You can define the shell section’s mechanical response by specifying the thickness; the material reference; and the orientation of the section or, for a composite shell, the orientation of each of its layers. Abaqus will determine the equivalent section properties. You must associate the section behavior with a region of your model.

The linear elastic material behavior is defined with a material definition (“Material data definition,” Section 21.1.2), which may contain linear elastic behavior (“Linear elastic behavior,” Section 22.2.1) and thermal expansion behavior (“Thermal expansion,” Section 26.1.2). The density (“Density,” Section 21.2.1) and damping (“Material damping,” Section 26.1.1) behavior can also be specified as described below; in Abaqus/Explicit the density of the material must be defined. However, no nonlinear material properties, such as plastic behavior, can be included since Abaqus will precompute the section response and will not update that response during the analysis. Dependence of the linear elastic material behavior on temperature or predefined field variables is not allowed.

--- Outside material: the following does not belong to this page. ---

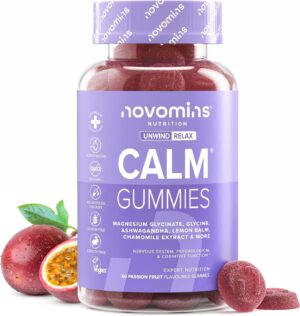 Magnesium Komplex mit B6 & Zink – Calm Gummis mit Magnesiumglycinat – Mit Ashwagandha, Glycin, Zitronenmelisse, Kamille, Vitamin B12 & Jod – Zur Beruhigung & mentalen Balance – 60 Stück – Novomins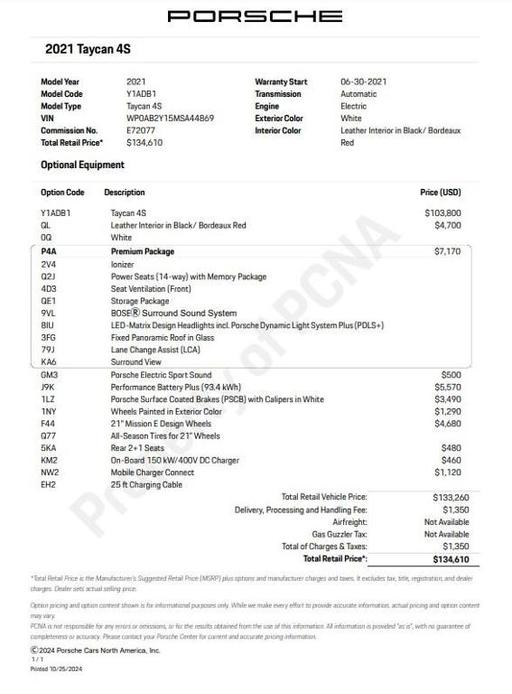 used 2021 Porsche Taycan car, priced at $72,900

The shell section response is defined by

$$
\left\{\mathbf {N} \right\} = \left[ \mathbf {D} \right]: \left\{\mathbf {E} \right\} - \left\{\mathbf {N} ^ {\mathrm{th}} \right\}.
$$

No temperature-dependent scaling of the modulus is included. The section forces and moments caused by thermal strains, $\{ \mathbf { N } ^ { \mathbf { t h } } \}$ , vary linearly with temperature and are defined by

$$
\{\mathbf {N} ^ {\mathbf {t h}} \} = (\theta - \theta^ {I}) \{\bar {\mathbf {F}} \},
$$

where $\{ \bar { \bf F } \}$ are the generalized stresses caused by a fully constrained unit temperature rise that result from the user-defined thermal expansion, is the temperature, and $\theta ^ { I }$ is the initial (stress-free) temperature at this point in the shell (defined by the initial nodal temperatures given as initial conditions; see “Defining initial temperatures” in “Initial conditions in Abaqus/Standard and Abaqus/Explicit,” Section 34.2.1).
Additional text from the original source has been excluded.